# MSP cruiser hit on Rt93/N.Andover



## Guest (Jun 5, 2005)

Just saw the story on NECN, cruiser sitting in the breakdown lane hit by a drunk. No report on the troopers'(2) condition, nasty crash, hope they are ok!


----------



## kwflatbed (Dec 29, 2004)

Channel 5 said that they were OK.


----------



## Curious EMT (Apr 1, 2004)

2 troopers? 

The only time *I* have ever seen 2, is when they're FT'ing... Welcome to Police son!

Wish them well
Wish drunk hell


----------



## Guest (Jun 5, 2005)

The FTO had stiches on his forhead and back of his head. Knees and arms pretty bruised.
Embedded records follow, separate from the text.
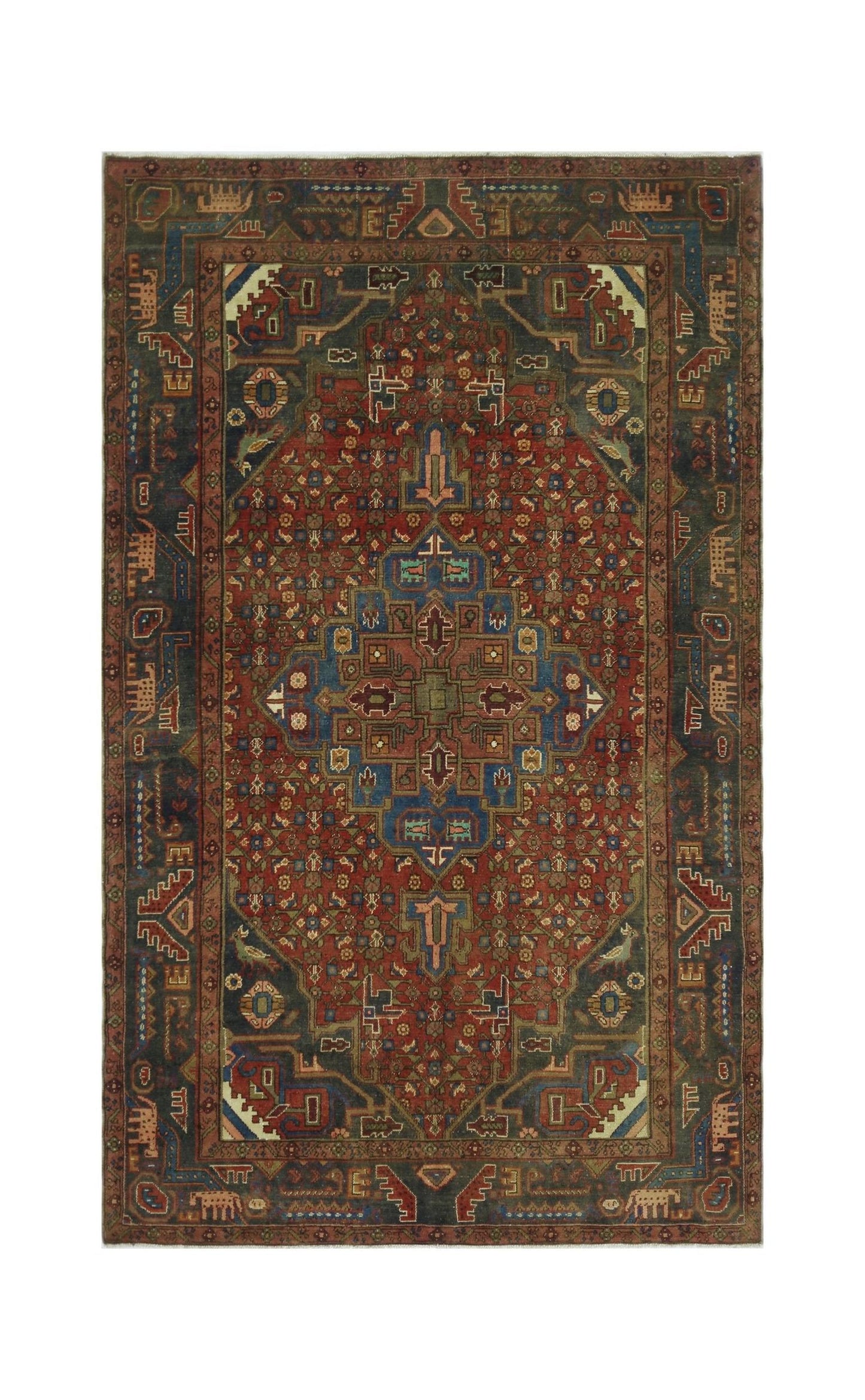 A vintage Persian Tabriz rug featuring a central medallion on a red field with intricate patterns.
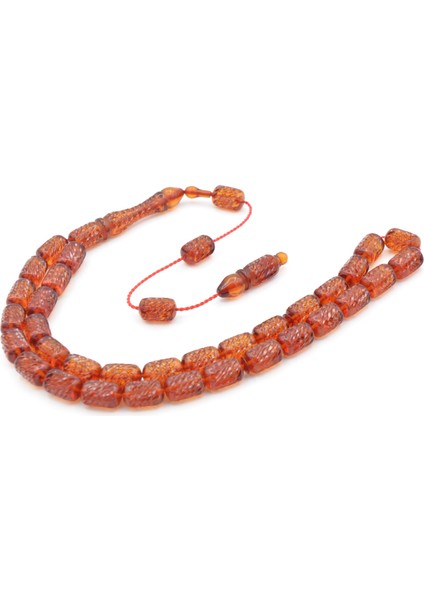 Kalem Işçilikli Kapsül Kesim Sarı Sıkma Kehribar Tesbih fiyatları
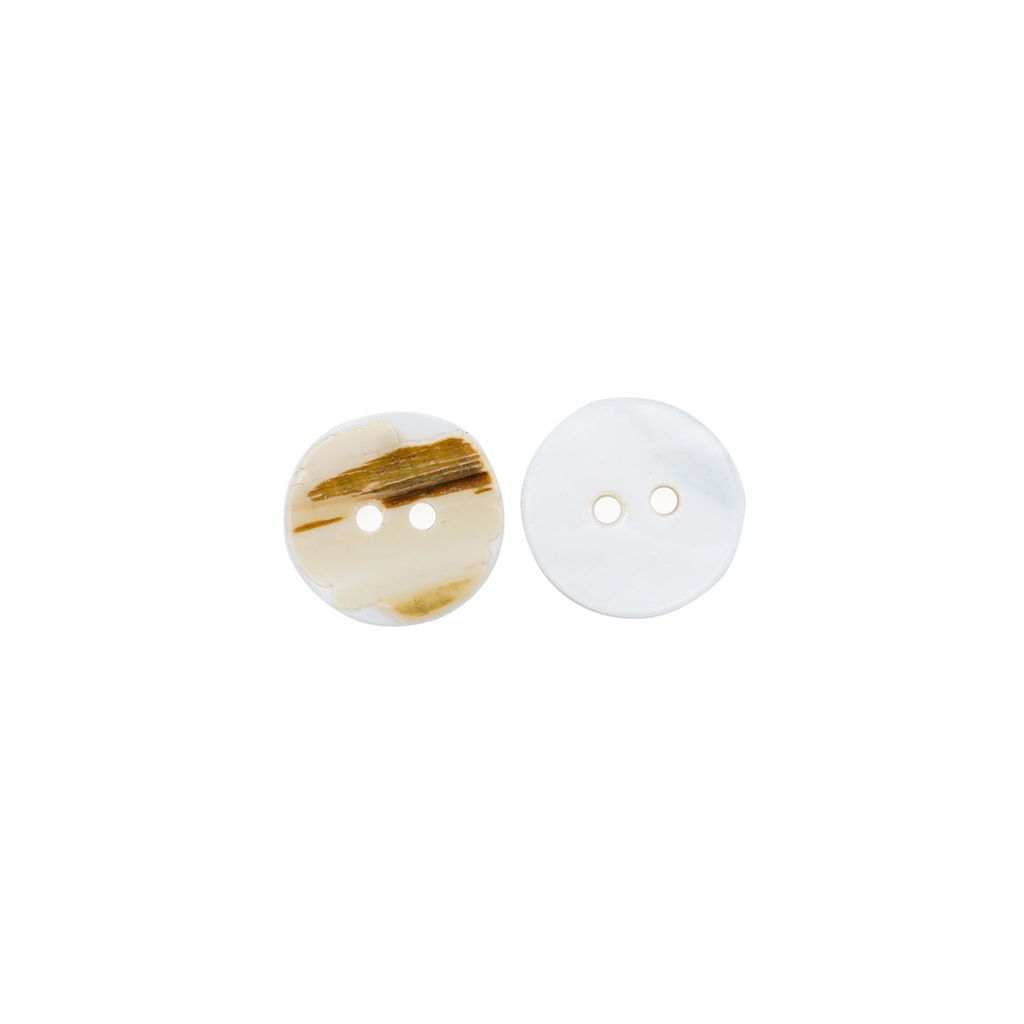Flat Natural River Shell 2 Hole Button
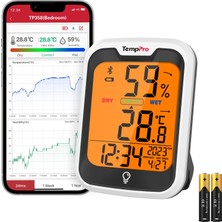 Renas Store Thermopro TP358 Dahili Saatli Termometre Higrometre, Bluetooth Dijital Ev Termometresi, Veri Depolama ve Oda Için Uyarı Fonksiyonlu Arkadan Aydınlatmalı Nem Ölçer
The Boot was bruised up. Drunk, bailed for $40. :x


----------



## frapmpd24 (Sep 3, 2004)

MSP75";p="66345 said:


> The FTO had stiches on his forhead and back of his head. Knees and arms pretty bruised. The Boot was bruised up. Drunk, bailed for $40. :x


And thats what sucks about this state! Establish a legal limit of intoxication to get the highway money from the feds, but don't correct things on the court end from bail to trials. Serious incidents like this people should be held until their next court date at the minimum. There are no serious deterrants at all.

Had a close one myself a few months ago on a detail. Following a piece of equipment in the BDL, guy comes behind in the left lane 75+ into slower traffic, swerves into the breakdown lane, pulled ahead quick when I saw him and he still ended up less than a car length from my bumper. Surprisingly, he had a lot of operating to endagers :roll:

A good reminder to keep an eye on that rearview mirror. Hope the troopers involved have a speedy recovery. Stay safe out there.


----------



## girlcop21 (Jul 20, 2004)

I know the family of one of the troopers... trooper was FTO and was teaching radar. Not only was the cruiser pulled off to the side of the road, the cruiser was in the grassy area. The trooper that was driving saw the car from behind but couldn't get out of the way. One trooper suffered a concussion and a signifcant amount of stitches in the head. The trooper trainee suffered a knee injury along with other injuries. Damn drunk drivers! Thank god these troopers didn't suffer injuries like Trooper Engleheart. Please keep these Troopers in your prayers that they make a quick recovery!


----------